English and Creative Writing degree
English and Creative Writing Degree (QW38)
English and Creative Writing degree
The English and Creative Writing degree is an exciting degree offered by the English Literature and Creative Writing department. The English and Creative Writing degree is an integrated and self-contained single honours programme. The scheme is taught by practicing writers and aims to develop both your creative and your critical skills. The English and Creative Writing degree will help you to develop your range and capabilities as a writer, and enable you to work confidently in a variety of forms and genres. It will also help you to develop a reflective writing practice which is informed by a knowledge of past and present writing in a variety of forms and genres; an understanding of the literary, cultural and socio-historical contexts in which literature is written and read; and an awareness of the range and variety of approaches to literary study and to the practice of writing.
English and Creative Writing degree structure
English and Creative Writing Year 1
In your first year you will take amongst others, three core modules, which introduce you to the fundamentals of English and Creative Writing at university level:
- Ways with Words: designed to introduce you to different kinds of writing practice, including genres of poetry, prose fiction and life-writing;
- Encountering Texts: focuses on a range of different approaches to reading and writing about literary texts of different periods;
- Aspects of Genre: exploring the genres of poetry, drama and the novel through detailed study of texts from different periods.
English and Creative Writing degree Years 2 and 3
All English and Creative Writing degree students next take a common core, to which they add writing options. The core consists of: The Set Forms, Reading Theory/Reading Texts (1), Textual interventions and the final year Writing Project, which will give you an opportunity to engage with an extended piece of your own writing in any form including a longer piece of fiction, a collection of poems or short stories, or a dramatic text. In addition you will take four core modules organised on a historical basis: Medieval and Renaissance Writing, Restoration and Eighteenth-Century Writing, Nineteenth-Century Writing and Twentieth-Century Writing.
Louise Jenkins
BA English Literature and Creative Writing
OxfordshireI chose to study at Aberystwyth because of the course and its location by the sea. It was very, easy to settle into studying. I’ve lived in town for the whole three years and you just feel like you’re part of a community straight away, everyone’s so friendly, and it’s crazy on Saturday! The department’s pretty good. The tutors are good and if you have any questions they have office hours you can go visit them in.

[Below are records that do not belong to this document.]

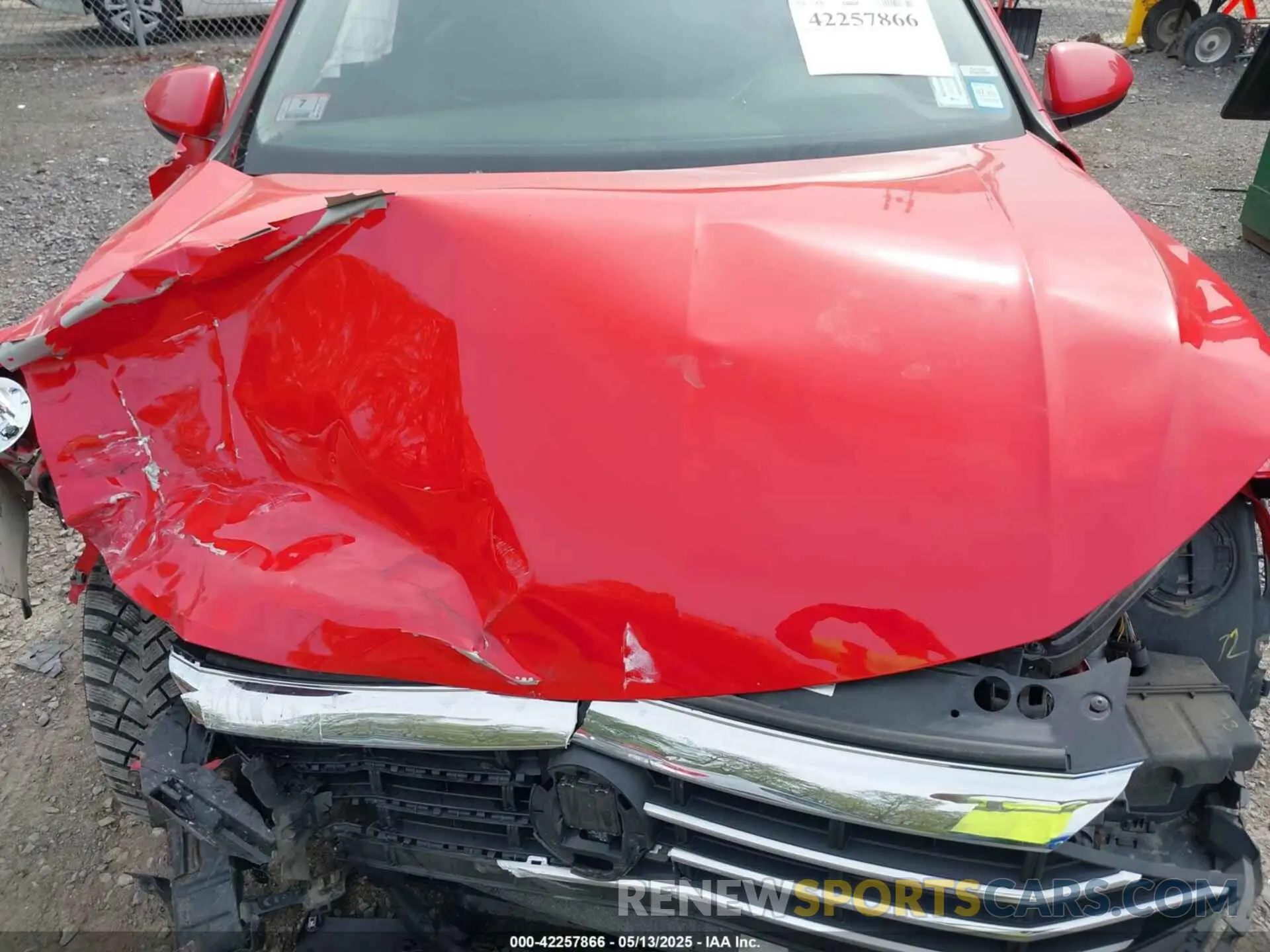 10 Фотография поврежденного автомобиля 3VWC57BU8KM172166 VOLKSWAGEN JETTA 2019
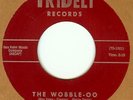 RAY AGEE: The Wobble-oo/loo 45 Tridelt new breed R&B hear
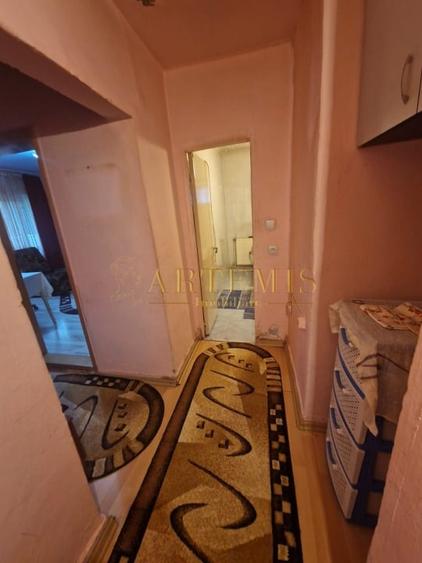 Garsoniera, mobilata/utilata, 27 mp., zona Sens - 4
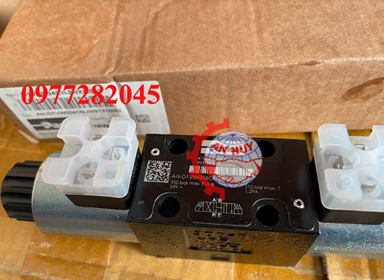 Van điều khiển điện Parker AH-D1VW004CNTWXG562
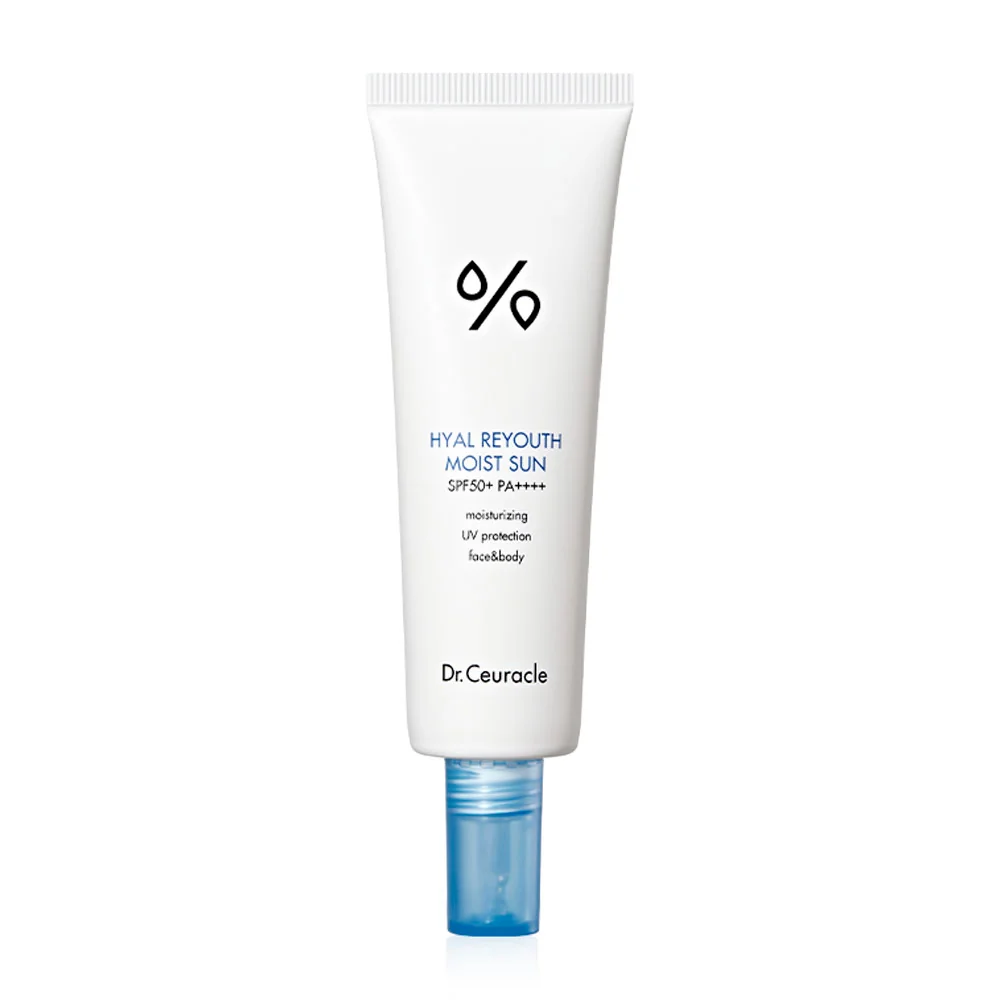 Набор СПФ Dr.Ceuracle SPF MOIST SUN SET 50 ml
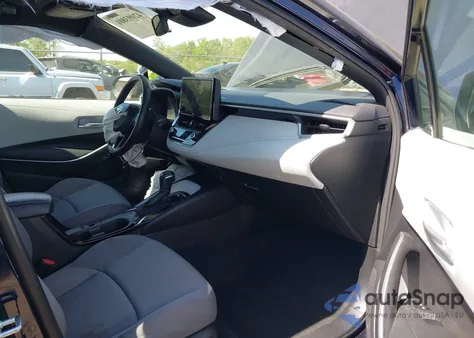 2023 Toyota Corolla Se from USA, damaged, VIN 5YFP4MCE7PP153847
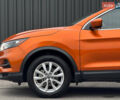 Оранжевый Ниссан Rogue Sport, объемом двигателя 2 л и пробегом 83 тыс. км за 17900 $, фото 16 на Automoto.ua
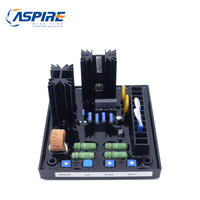 Régulateur de tension automatique AVR AVC63-7 pour générateur diesel, pièces de générateur, accessoires de générateur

The Arts Centre is really good, they show more arty films as well as the more recent ones. And they have special themed weeks, for example every two weeks they show horror films. At Aberystwyth it is laid back and comfortable and there’s no pressure. The social life is really good. I think it has 52 pubs, which is crazy. I haven’t been to all of them! There are two clubs in town which are good, and everyone tends to go to the same place, so you make friends just by going out.
I would definitely recommend Aberystwyth to others, especially if you’re from the city and you want something completely different. It’s the place to come. You do feel far away from home, but that’s a good thing!